Of course, crazy ideas work. Look at Groupon. They spent a ridiculous amount of money throwing parties and throwing crazy ad campaigns. I still contend they haven't really made money because they've made less than they spent, but by their standards, they're a success.
So there will always be the argument that if you raise enough money, you can pay your way to success. But that's not how businesses really work. Those are outliers. You can say, this company succeeded doing this… well, yes, but the number of companies that didn't succeed doing that is much greater, and chances are, you're going to fall into that last group.
What are your thoughts on bootstrapping?
A lot of people think bootstrapping is about not raising money. To me, bootstrapping is about finding a business model that you can execute, within your means. Period.
What that means is, well, for developers, it's like, I can code that. But just because you can code it doesn't mean you can sell it. It doesn't mean you know the right people. I could probably develop software for the Boeing 747. But I'm not going to knock on Boeing's door and some guy's going to buy it from me. So I could spend a lot of energy on it, but odds are, I'm not going to be able to sell it. But some guy who used to work for Boeing, who's their ex-chief engineer, could probably sell it in 10 minutes.
So find something that fits your ability to create it, sell it, maintain it, promote it. That's where funding can come in. Sometimes blind luck works, but you have to find the right team and make sure your product is the right fit.
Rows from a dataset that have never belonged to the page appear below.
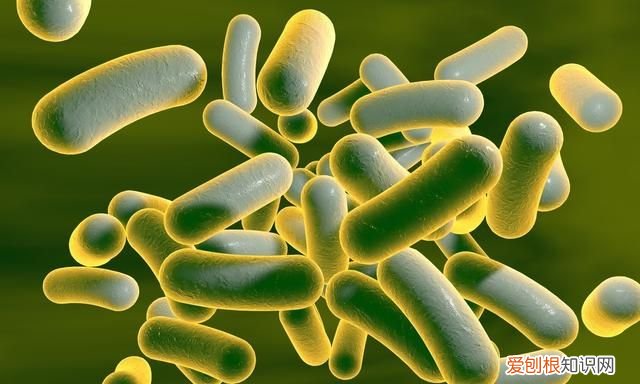 蹲马桶怎么防止水溅到屁股,怎样防止蹲马桶溅一屁股水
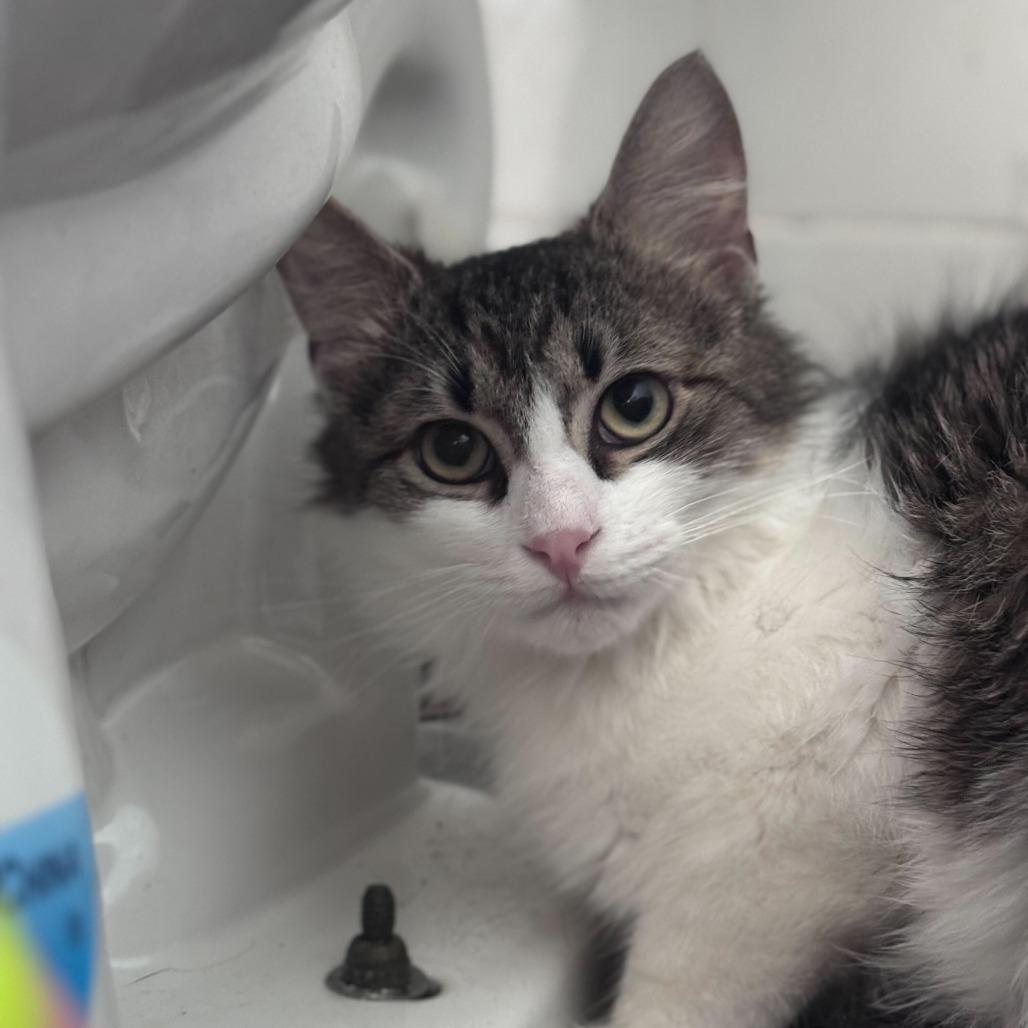 Enlarge Puddle, a Adoptable Domestic Medium Hair in New York, NY image 5/5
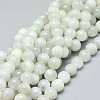 Natural White Moonstone Beads Strands G-F674-08-8mm-1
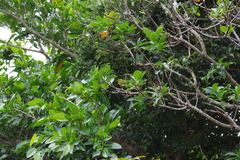 Zosterops japonicus loochooensis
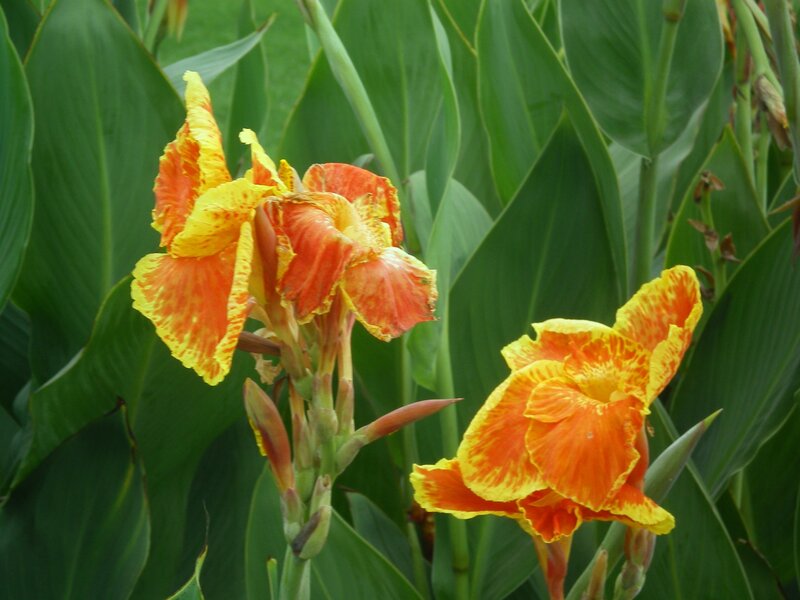 Vibrant orange and yellow flowers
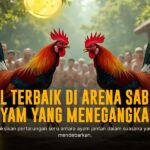 Mengulik Jenis Ayam Petarung dalam Dunia Sabung Ayam SV388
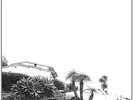 Hot Dreams [VINYL] Timber Timbre Vinyl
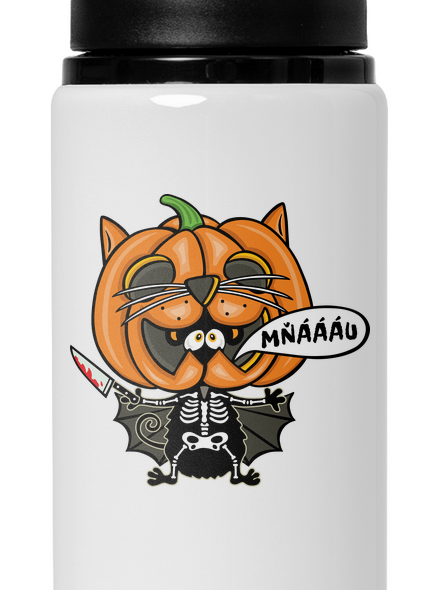 Halloweenská kočička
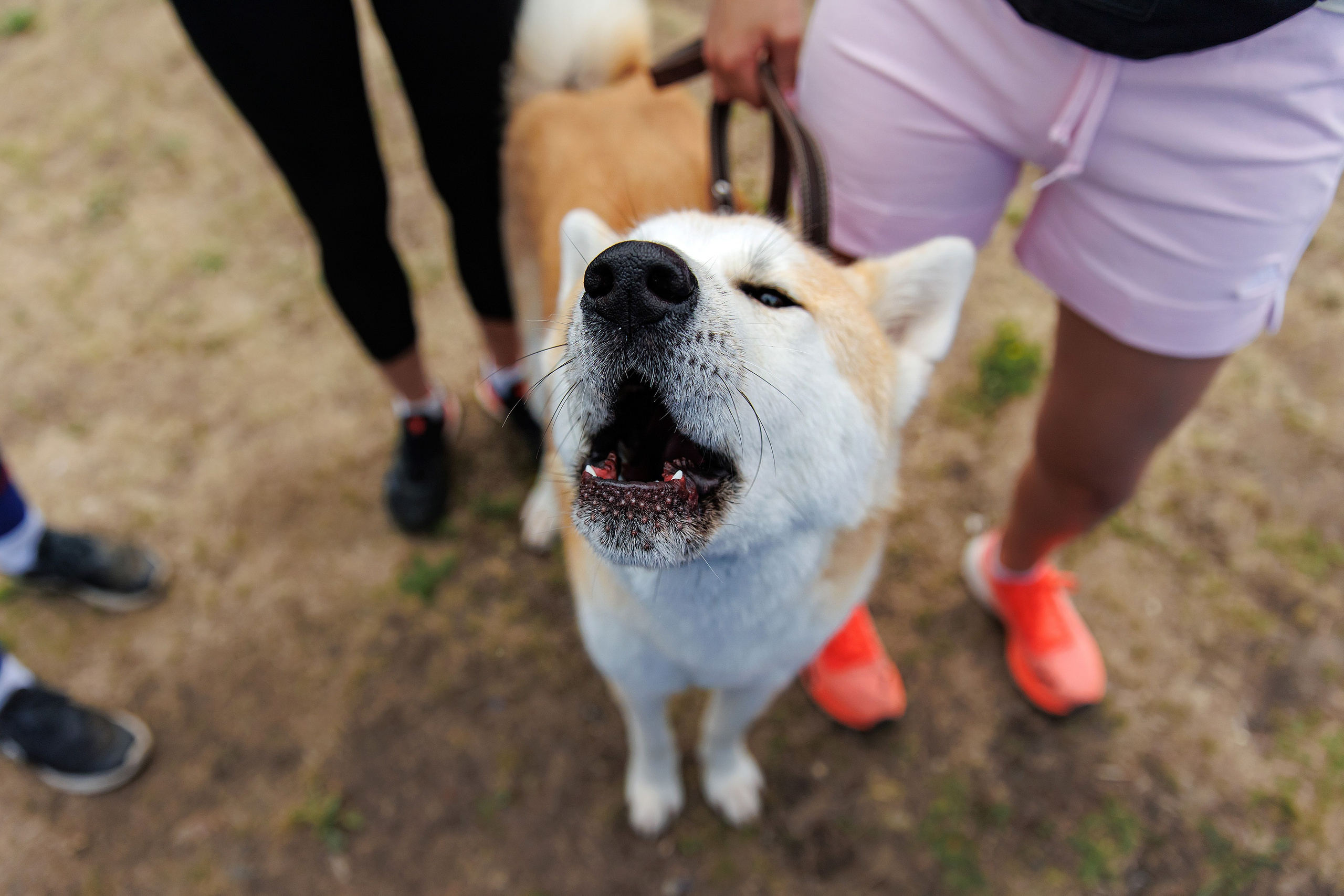 Фотограф Сергей Колесников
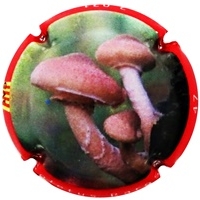 Placa 6026a85478d3d_e0d0a6d6dab5c4e6185dd8e931ffae6b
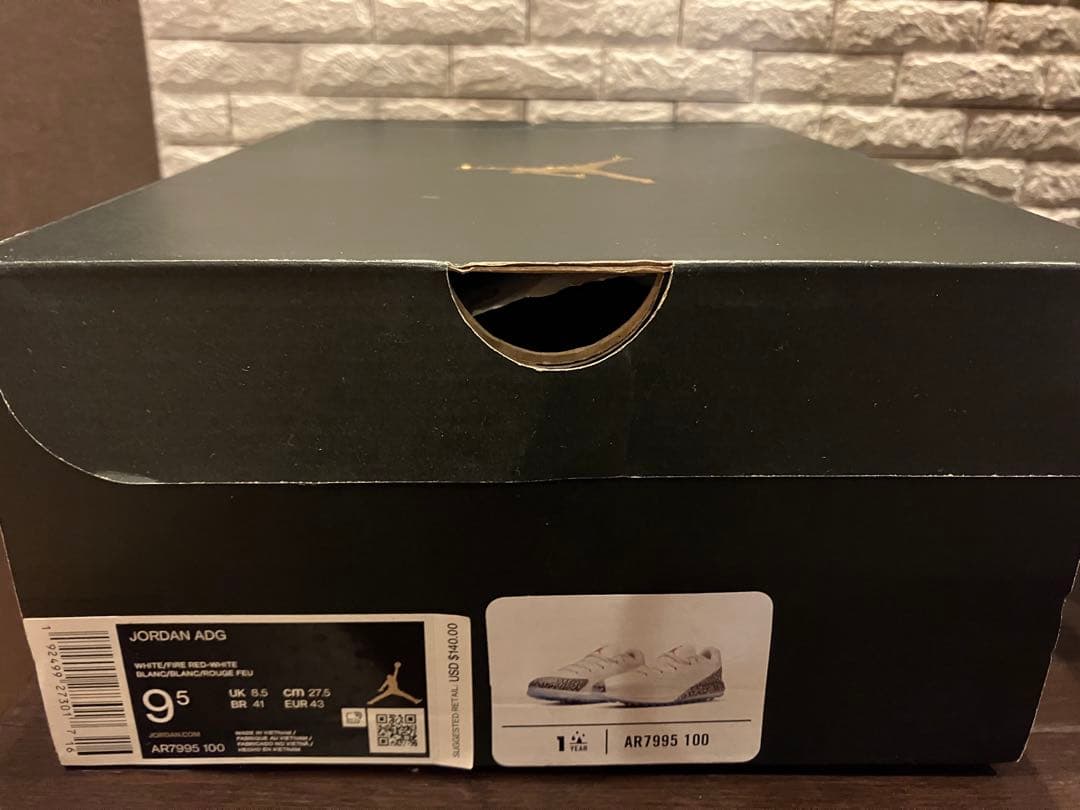 シューズ(男性用) NIKE JORDAN ADG AR7995 100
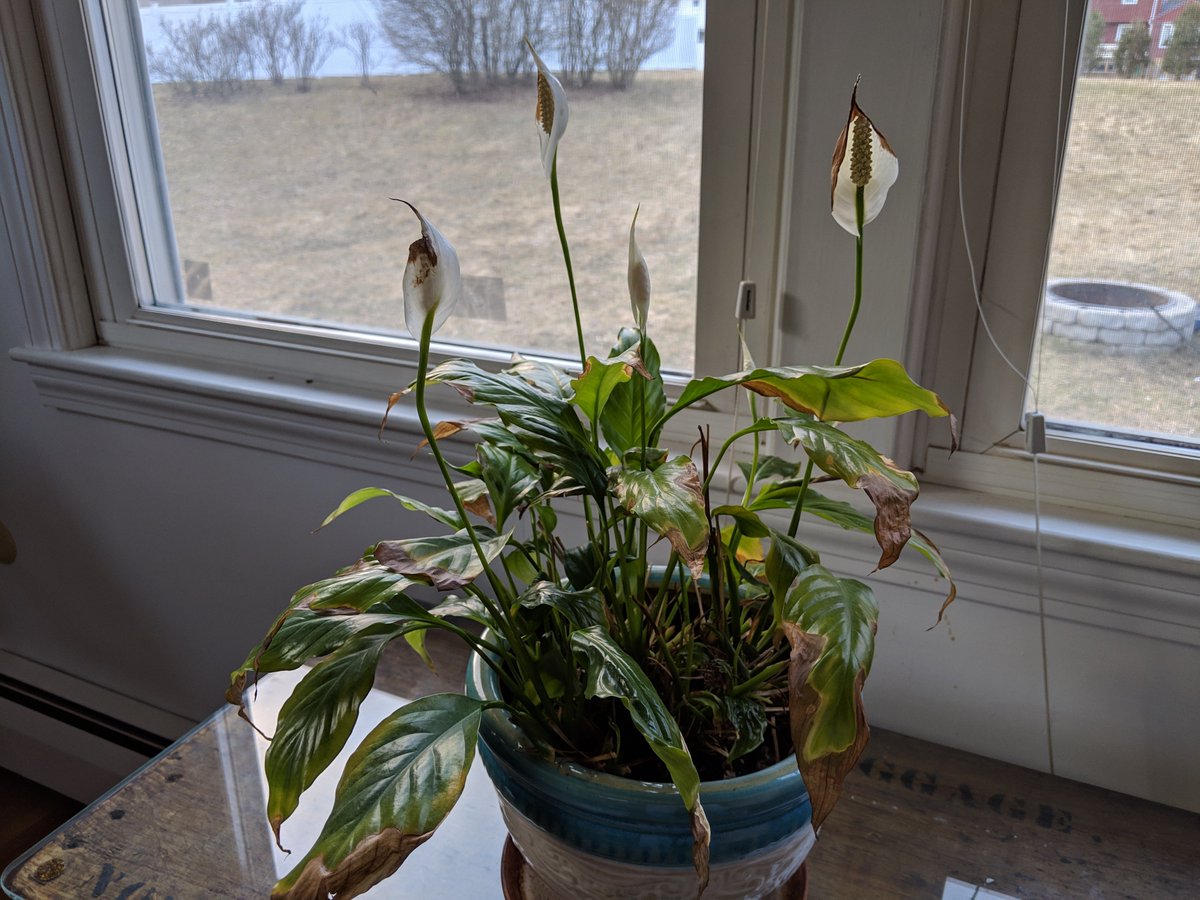 Juti Organics tweet media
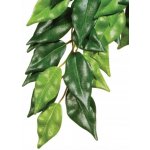 HAGEN Rostlina Ficus velká 70 cm – Zbozi.Blesk.cz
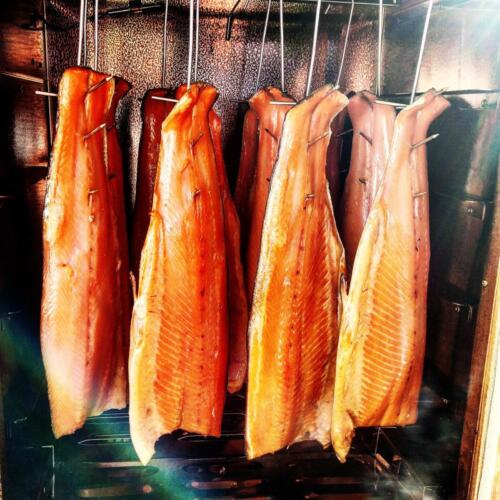 domki letniskowe gdańsk, wakacje na wyspie, domki letniskowe wyspa sobieszewska, domki wyspa sobieszewska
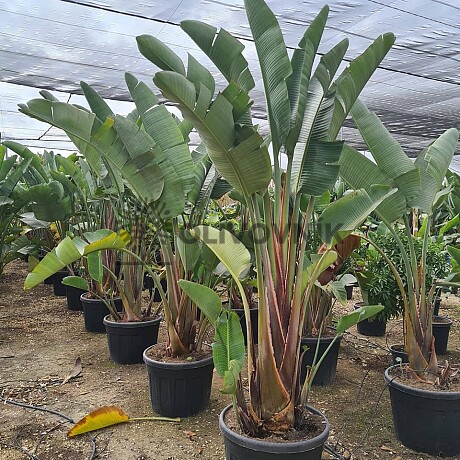 Strelitzia Augusta 5Lt, 10Lt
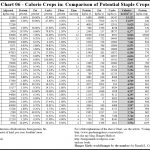 Chart: Food Calorie Chart   Free Printable Calorie Chart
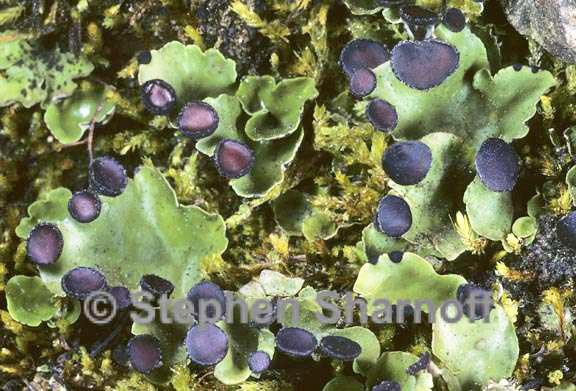 peltigera venosa 5 graphic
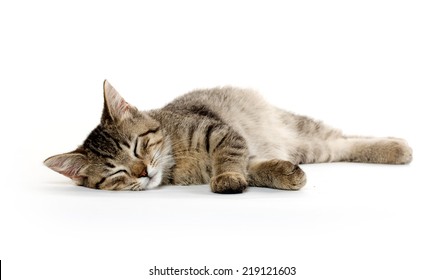  Cat  Laying  Down  Images Stock Photos Vectors Shutterstock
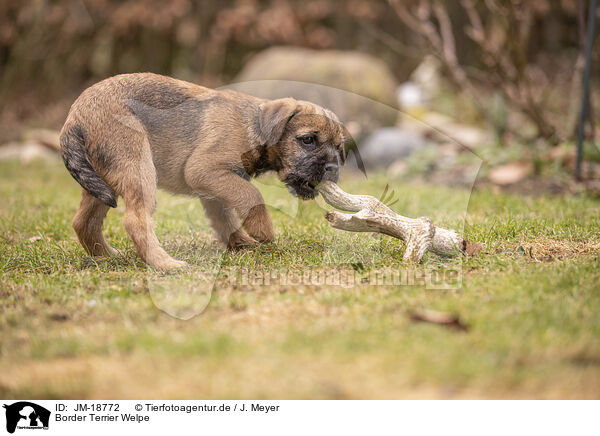 Border Terrier Welpe / JM-18772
In a bootstrap, the most important part is, you have to make some money on it. So make sure you have a viable product, and it's selling. Then, raise money to scale it.
What advice do you have for other entrepreneurs and startups?
Launch your product to your customers, not your friends. Friends are great, but you should be more interested in marketing to actual customers than getting feedback about how cool your project is.
And make a profit from your first customer. A lot of people think, we're going to make money eventually. If you spend a dollar, and you make two, your odds are much better than if its the other way around. Make it a clear, simple monetization model.
Look at apps, they do one thing. And they'll charge you 99 cents to get it. Mobile devices are just connections to the Internet and apps are just a clean way of selling little snippets of functionality.
I think websites are going to go down that route too. They're going to learn something from the mobile space. Instead of building a website that does a million things under the sun, build a website that does one thing and charge people 99 cents for it. There are so many websites, that you really can't count on people repeatedly coming back to your website in order for you to make money from advertising.
So when you're picking a model, pick something that you can charge for right away and set the expectation that you're going to charge for it. The great thing about that is, you're going to be able to tell right away if people are interested in your product. If someone's not willing to pay $10, charge $5. If not $5, charge $1. If you can't sell it for 10 cents, stop selling it.